The 2015 "Arctic Report Card" has been released by NOAA, America's National Oceanic and Atmospheric Administration. In case you haven't guessed the gist of the report, here are a few highlights:
Not only is the ice winnowing away, it is becoming younger – Noaa’s analysis of satellite data shows that 70% of the ice pack in March was composed of first-year ice, with just 3% of the ice older than four years. This means the amount of new, thinner ice has doubled since the 1980s and is more vulnerable to melting.
The report card – compiled by 72 scientists from 11 countries – noted sharp variations in conditions in the northern part of the Arctic compared to its southern portion. The melting season was 30-40 days longer than the long-term average in the north but slightly below average in the south, suggesting that changes to the jet stream, causing colder air to whip across the southern part of the Arctic, are having an impact.
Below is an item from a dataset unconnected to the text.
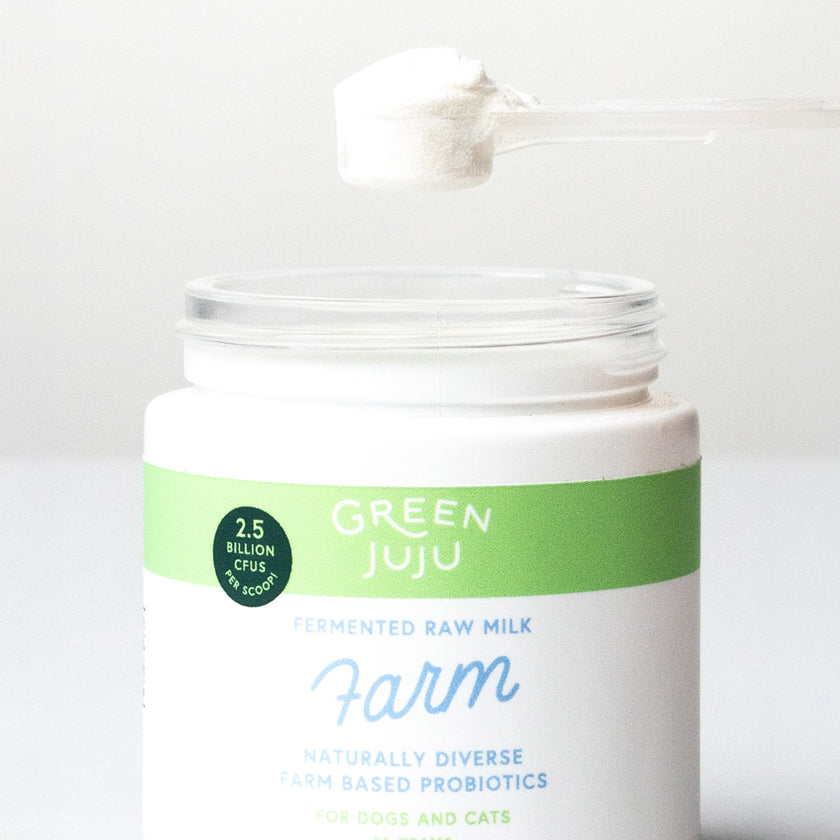 Green Juju Fermented Whole Food Probiotics for Dogs & Cats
Noaa said warming in the Arctic is occurring at twice the rate of anywhere else in the world – a 2.9C (5.2F) average increase over the past century – and that it is certain climate change, driven by the release of greenhouse gases, is the cause.
“There is a close association between air temperature and the amount of sea ice we see, so if we reduce the temperature globally it looks like it will stabilize the Arctic,” said Dr James Overland, oceanographer at Noaa.
If you're interested in charts and photographic depictions of the year that was in the high Arctic, you can find them here. Sorry, I couldn't bring myself to post another picture of a forlorn polar bear marooned on an ice floe.